30―2

 世界大陸ムゥの南東に、小さな島があった。 向日葵(ひまわり)という花が名物の、リゾート地である。

 ひまわりは、フォトンエネルギーの濃い空間を関知し、常に茎を動かす様が人気の花。

 それが一万輪咲き並ぶ畑が、島の名所。当然、人も多い。

 中でも、ひまわり畑を見下ろす展望エリアは人気である。

 写真やベンチに座る者、散策を楽しむ者、ひまわり畑を俯瞰(ふかん)する者。実に多様だ。

 が……


「な、何だ?」


 そう呟くのは、ビンズ。

 カニールガーデン専属協力者、クロンの護衛役として雇われたビンズは今日、クロンと共に休暇に訪れていた。

 その中で突如、特異な現象に見舞われていた。

 その場の者が全員、動かないのである。

 遠巻きのひまわりも、動かない。

 ラグである。それも、強力な。


「人混みだと来れないと思ってたか?」


 展望エリアに僅かに生えた木々の陰、姿を見せる複数の男。

 皆一様に目を光らせ、手にも鋭利なものを光らせる。

 襲撃―― ビンズはすぐに理解した。

 クロンには、熱狂的なファンが付きまとう。 それは再三身をもって体験していた上、休暇を貰った際、クレロワにも念を押されていた事実。

 この襲撃もそういう者達に違いない。


「無防備にも二人きりで休暇とは、馬鹿とバカンスを履き違えたか? リリの協力者」


 あからさまな煽りである。

 普段のビンズなら軽くあしらう所だ。

 が、今、僅かな動揺が生まれていた。

〝リリの協力者〟という言葉が解せなかったのだ。


「お前達が邪魔な人間がいてね。俺たちが変わりにやってやろうっていう話さ」


 襲撃者の追言に、ビンズは確信した。

 今までのような者達とは違うのだ、と。

 何者かは解らない。だが、おめおめとやられる訳にもいかない。

 攻められる前に…… 攻める。

 とっさに、ビンズは足下に思念波を放った。 舞い上がる土煙の中、隣のクロンに指示を出す。

 クロンが頷き、走り出す。

 先手を打たれ、尻込む襲撃者達をかいくぐり、クロンは無事崖下にひまわり畑に飛び込んだ。

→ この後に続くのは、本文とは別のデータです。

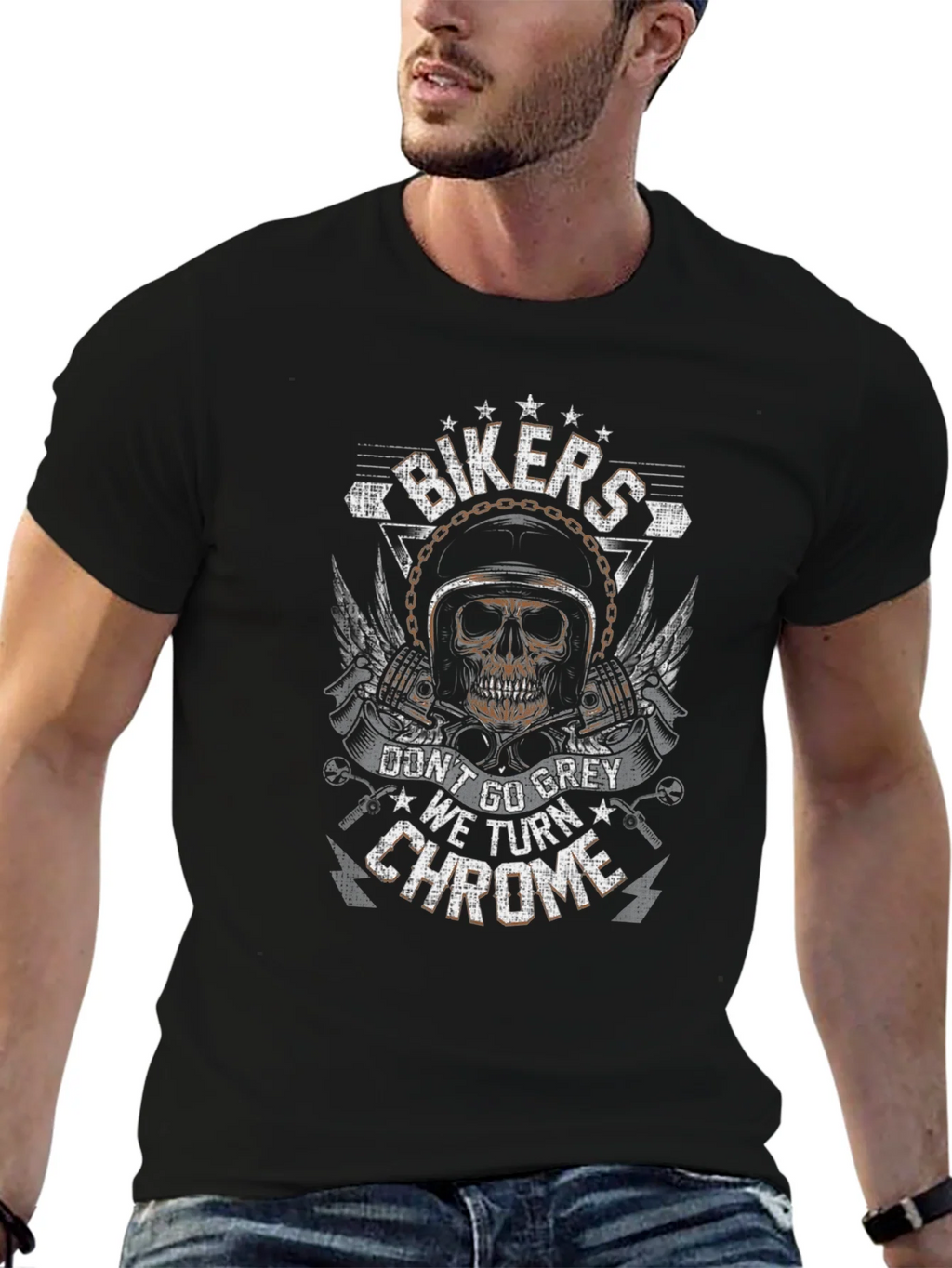 Bikers Dont Go Grey T-Shirt product image 4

 クロンはクリスタル。崖程度の高さでは何ら肉体に影響はない。


「じゃあ、派手に行こうぜ!」


 続いてビンズは、バイオレットの力を生かし、宙高く移動した。

 狙いは三つ。

 襲撃者達の種の特定。

 ラグで停止したままの、無関係な人たちからの離脱。

 そして、地の利を得るため。


「くそ!」


 誰かが叫ぶと同時、襲撃者六人全員が、半透明な姿に変わる。

 種は特定できた。次は……


「丸見えだぜ」


 ビンズはすかさず思念波を三回、地上に打つ。

 それは見事、崖下に向かおうとしていた襲撃者三人にヒット。受けた者は皆、そのままもだえ、動きを止めた。

 襲撃者が半々に別れて行動する事は予想が付いていた。

 となれば当然、残る三人がビンズに迫る。

 これも予想通り。全て仕留めれば、戦いは終わる。


「いや、待て」


 ビンズが思念波を打ち込もうとした矢先、襲撃者の一人が指示を出し、空中で停止。残りの者も同じく留まった。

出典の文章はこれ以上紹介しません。